**TASK OBJECTIVE**
Exactly as written, return all the data, leaving its pictures behind.

**INFORMATION PROVIDED**
┌────────

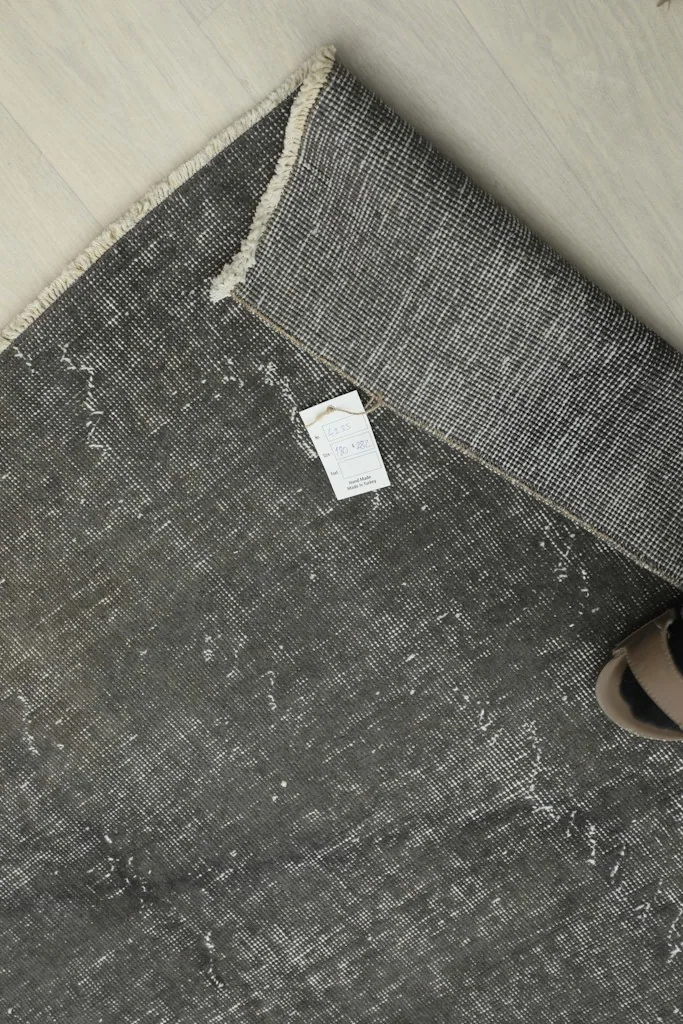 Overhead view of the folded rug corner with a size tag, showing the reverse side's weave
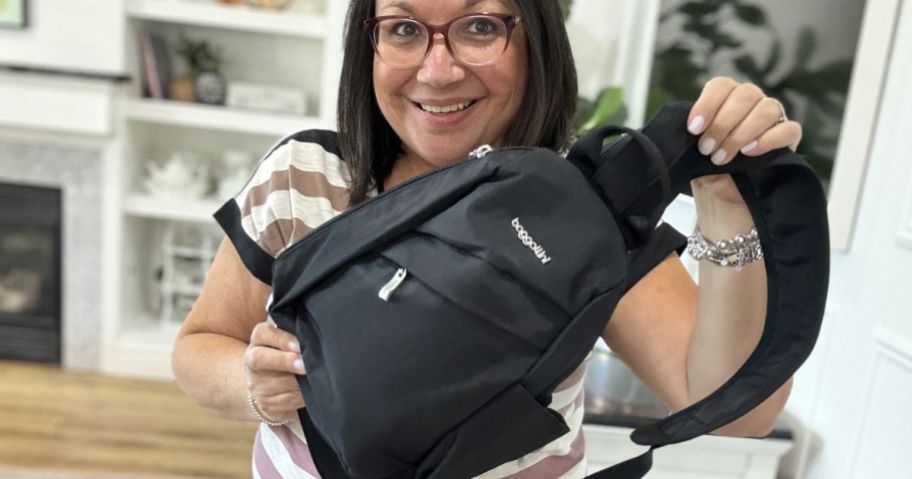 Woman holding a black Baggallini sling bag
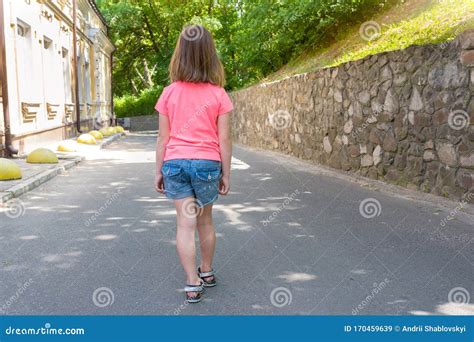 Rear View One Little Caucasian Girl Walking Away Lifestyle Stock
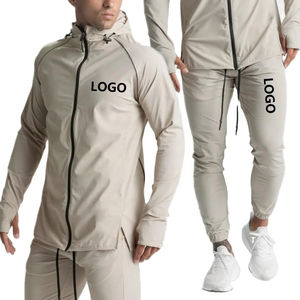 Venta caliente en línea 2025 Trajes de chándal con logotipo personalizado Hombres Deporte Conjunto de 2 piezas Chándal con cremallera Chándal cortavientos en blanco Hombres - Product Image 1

└────────

**OUTPUT FOR THIS EXERCISE**
 Overhead view of the folded rug corner with a size tag, showing the reverse side's weave
 Woman holding a black Baggallini sling bag
 Rear View One Little Caucasian Girl Walking Away Lifestyle Stock
 Venta caliente en línea 2025 Trajes de chándal con logotipo personalizado Hombres Deporte Conjunto de 2 piezas Chándal con cremallera Chándal cortavientos en blanco Hombres - Product Image 1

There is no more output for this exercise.